[Captioned web images]
»»
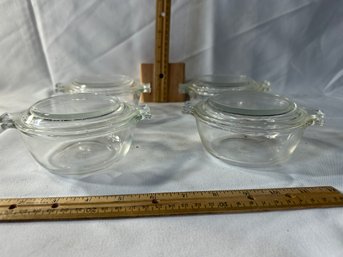 Set Of 4 Vintage Pyrex 018 Clear Glass Covered 10 Oz Mini Casserole Dishes Excellent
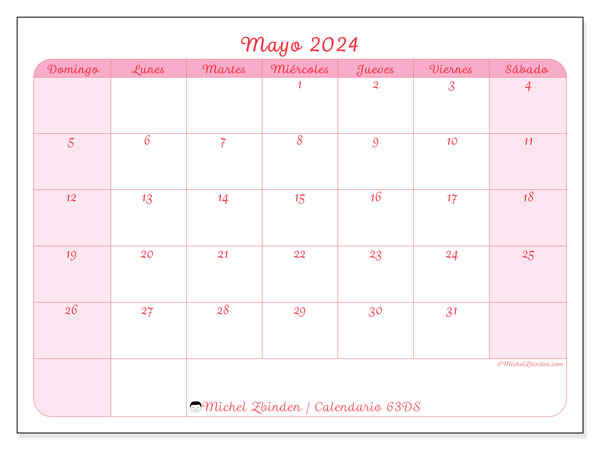 Calendario mayo 2024 “63”. Horario para imprimir gratis.. De domingo a sábado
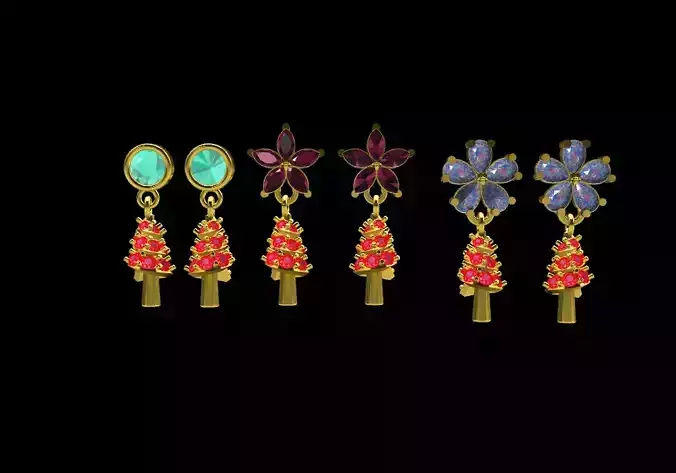 Christmas Tree Hanging Earrings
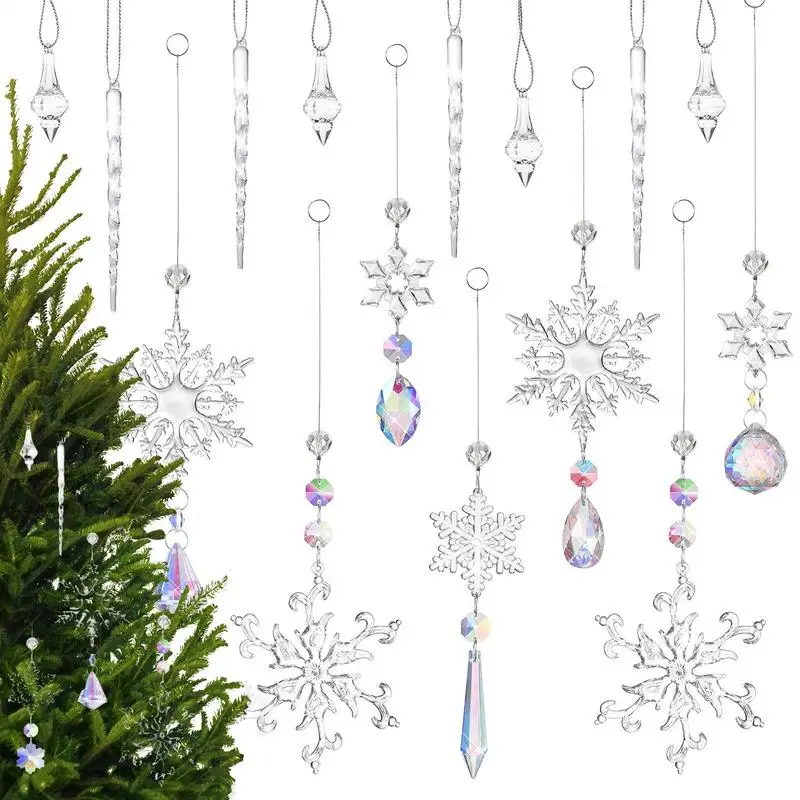 Crystal Christmas Tree Icicles Decorations 16pcs Acrylic Clear Snowflake Icicle Crystal Transparent Christmas Icicle Ornaments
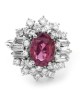 Pink Sapphire & Diamond Cluster Halo Ring in Platinum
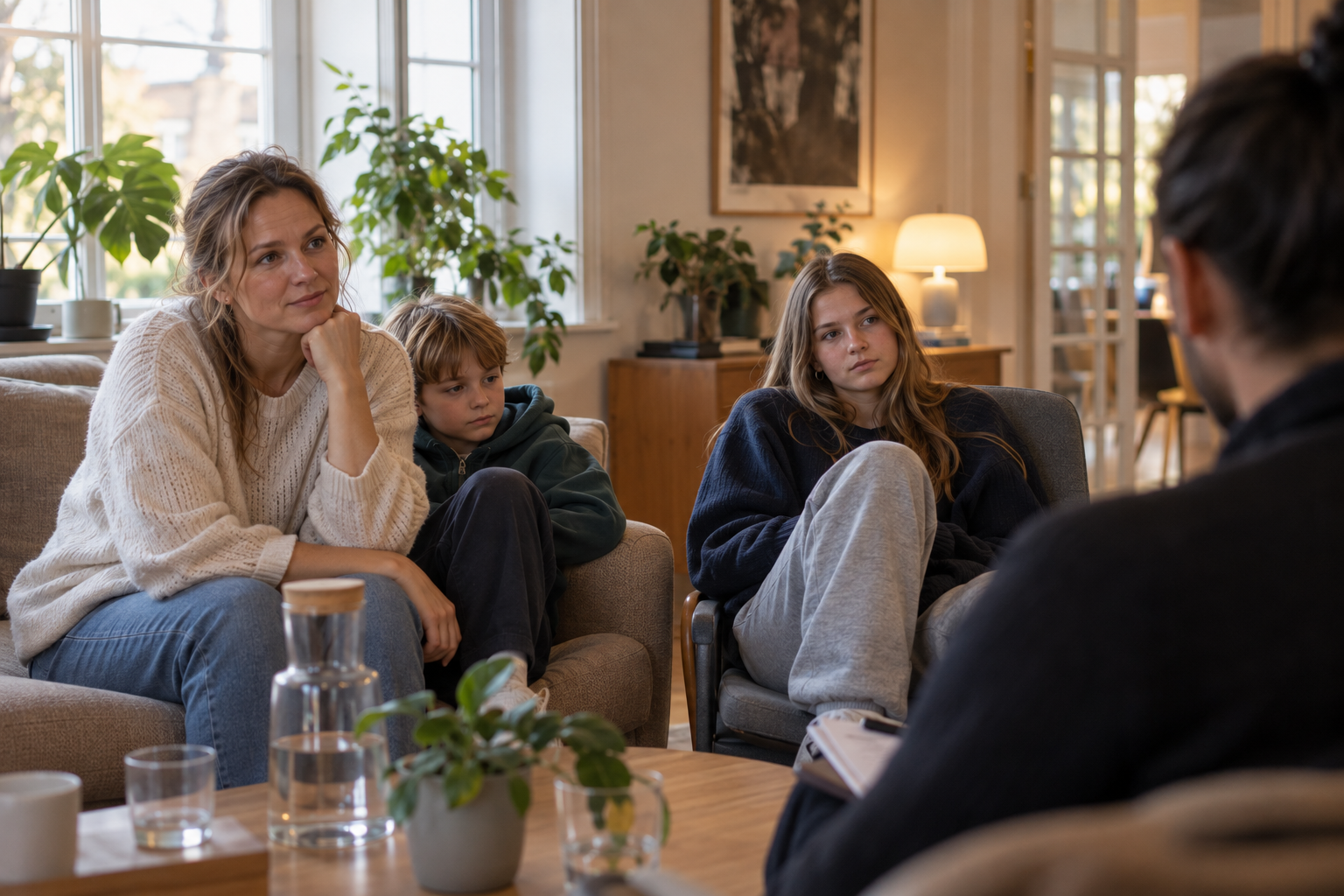 En familj deltar i ett rådgivningssamtal hemma.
««
Any pictures are to be skipped, and the lines from the beginning of the entries through the line with "Christmas Tree Hanging Earrings" copied exactly.

Exercise answer =>
 Set Of 4 Vintage Pyrex 018 Clear Glass Covered 10 Oz Mini Casserole Dishes Excellent
 Calendario mayo 2024 “63”. Horario para imprimir gratis.. De domingo a sábado
 Christmas Tree Hanging Earrings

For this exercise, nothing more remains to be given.